Singapore — China is approving new steel facilities at a rapid pace, raising the specter of a steel oversupply that could once again undermine global steel prices.
China approved eight steel capacity replacement projects over September to mid-October that will see 17.18 million mt/year of pig iron and 13.56 million mt/year of crude steel capacity commissioned in the next 3-4 years, according to S&P Global Platts analysis.
The new projects are predicated on closures of 19.52 million mt/year of pig iron and 15.21 million mt/year of crude steel capacity.
However, 5.18 million mt/year of pig iron and 2.16 million mt/year of crude steel capacity were already closed before the end of 2018.
This means there will be just 14.39 million mt/year of pig iron and 13.04 million mt/year of crude steel capacity closed during 2020-23, resulting in a net increase of 2.79 million mt/year of pig iron and 0.51 million mt/year of crude steel capacity over the period.
Though China has effectively banned additional steel production capacity, a net increase in overall output is occurring in two key ways: new facilities are replacing the ones that have, in some cases, been closed for a long time; and the iron and steel works are bigger and more efficient than the ones they are replacing.
In total, 208.57 million mt/year of new crude steel capacity will be commissioned over 2019-23, based on closures of around 228.97 million mt/year, according to Platts analysis.
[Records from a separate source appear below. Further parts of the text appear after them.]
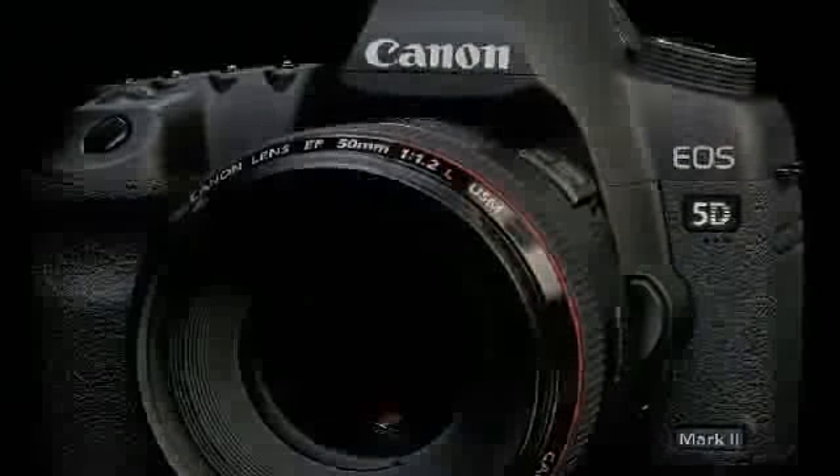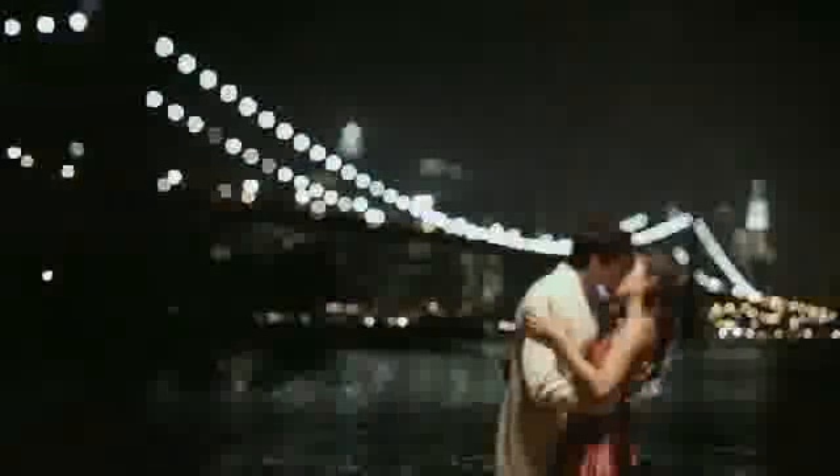The coolest thing about this camera is that any still photographer or amateur can just pick it up out of the box and just start to shoot films. When the prototypes of the 5D Mark II came into the Canon offices, I saw this camera, saw what it could do, and I just knew I wanted to try something with it. Little did I know that we'd put together this little short film called Reverie.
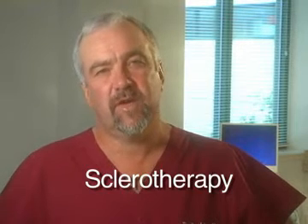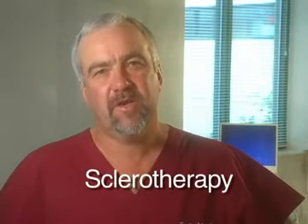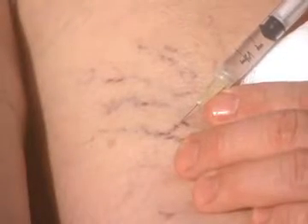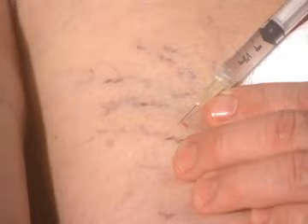Sclerotherapy is the standard treatment for spider veins. This treatment is done in our office with little or no discomfort. Using a fine needle, medication is injected into the dilated blood vessel.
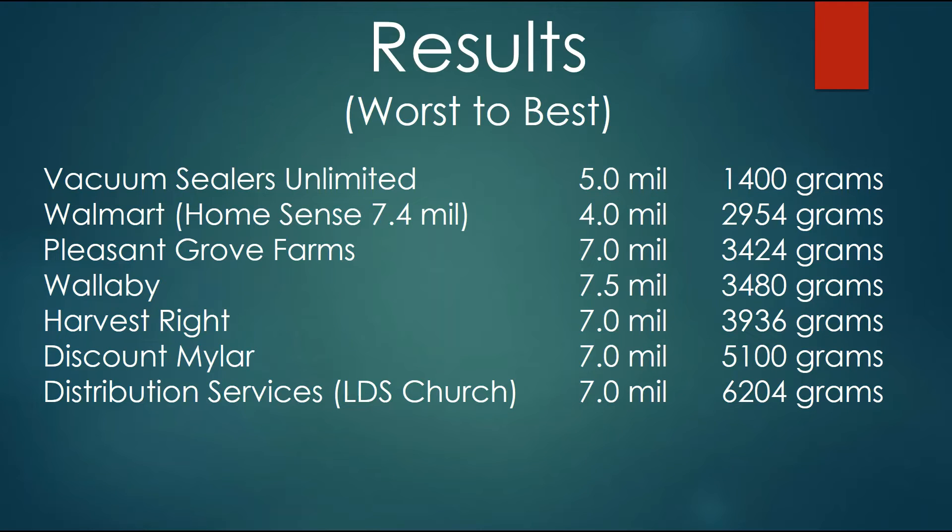These are the tests I performed on the various food storage bags. The bottom of the list was Vacuum Sealers Unlimited — not necessarily bad because their bag is only 5 mils, and they came out at 1,400 grams. If we remove Vacuum Sealers Unlimited and stick with the 7 mil bags, things might be a little more clear. Walmart, which sells the Home Sense bag, is advertised at 14.8 mil, but that's both sides, so dividing by two gives 7.4 mil. When I actually measured it, it came up at 4 mil, which was a little disappointing. Walmart at 4 mil came in at 2,954 grams, so they really are the bottom of the list.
Out of the total closures estimate, 58.05 million mt/year have already been shut down prior to 2019.
Platts estimates China's net crude steel capacity expansion will total 37.65 million mt/year over 2019-23, of which 34.88 million mt/year is due to come online in 2019. This will take China's total crude steel capacity to around 1.2 billion mt/year by the end of this year.
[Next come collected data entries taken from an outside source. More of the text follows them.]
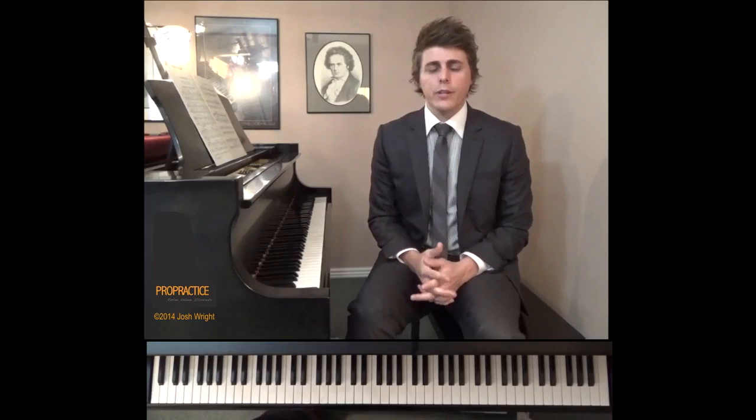The thing that we want to realize is that this Kinderszenen — scenes from childhood — it's not pieces for children. Children can play these and they often do, but don't feel bad if you're an adult playing these, because to be honest, you need a certain maturity to pull these off very effectively.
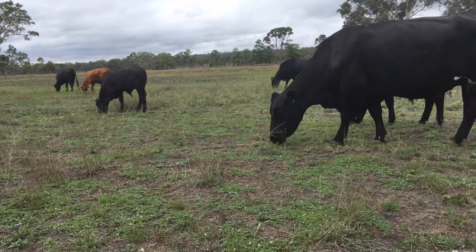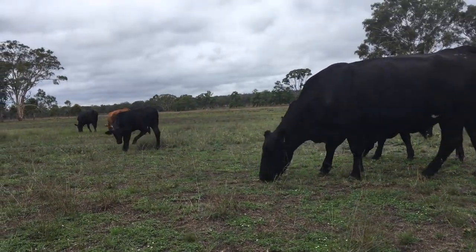When the animals have grazed the plant beside the cage, you move the animals out and then monitor how long it takes for the plant outside the cage to reach the same volume as the plant inside the cage. The plant inside the cage will have grown, but the volume shouldn't have changed much. When the plant outside matches that volume, that's your recovery period — that's when you know you can come back. It's better to stay too long than to come back too soon in the growing season.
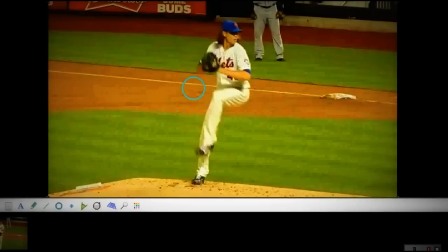You can see it started right here. Look how far it is away from the mound. I also covered this in one of my previous videos — the link is below.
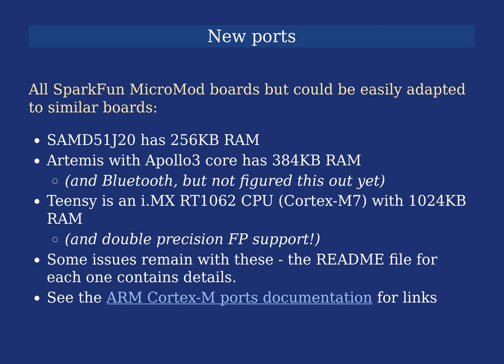These new Inferno ports are all to SparkFun MicroMod boards, though they could be easily adapted to other similar boards. The MicroMod system is convenient because processor boards and carrier boards are interchangeable. The first port after the STM32 was the Atmel SAMD51, which has 256 kilobytes of RAM — arguably a better starting point for porting Inferno. I had initially found it daunting, but once I'd done the STM32 port I realized it wasn't as frightening as I thought, and actually getting it to work was a lot quicker than I imagined.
There are some in China's steel market who believe the real net crude steel capacity expansion figure could be even higher as new facilities can produce up to 20% more than the installed capacity.
This is made possible through improved production technologies, by adding more scrap into the iron and steelmaking process, and by using higher grade iron ore.
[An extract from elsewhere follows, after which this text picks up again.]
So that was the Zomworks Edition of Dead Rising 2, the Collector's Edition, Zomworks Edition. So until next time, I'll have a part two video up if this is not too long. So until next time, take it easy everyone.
But as China's steel capacity continues to rise, domestic steel demand is waning.
"If it were not for the strong property construction sector in 2019, overcapacity would have already returned in the steel industry," one mill official said.
China's average rebar sales margin decreased to $29/mt over July-September, down from $153/mt during the same period of 2018, Platts analysis showed. The average Chinese domestic rebar prices in Beijing spot market in during the third quarter dropped 11.4% year on year to Yuan 3,847/mt ($543/mt).
Property construction is expected to weaken next year, while there is still no sign of any meaningful recovery in manufacturing.
Further, it is considered unlikely that Beijing will order another round of capacity elimination as Chinese steel works are mostly equipped with up-to-date technology and meet environmental protection standards.
Market sources market said business was likely to be tough for less efficient steel mills in coming years amid fierce competition. But it could present an opportunity for stronger mills to consolidate through mergers and acquisitions.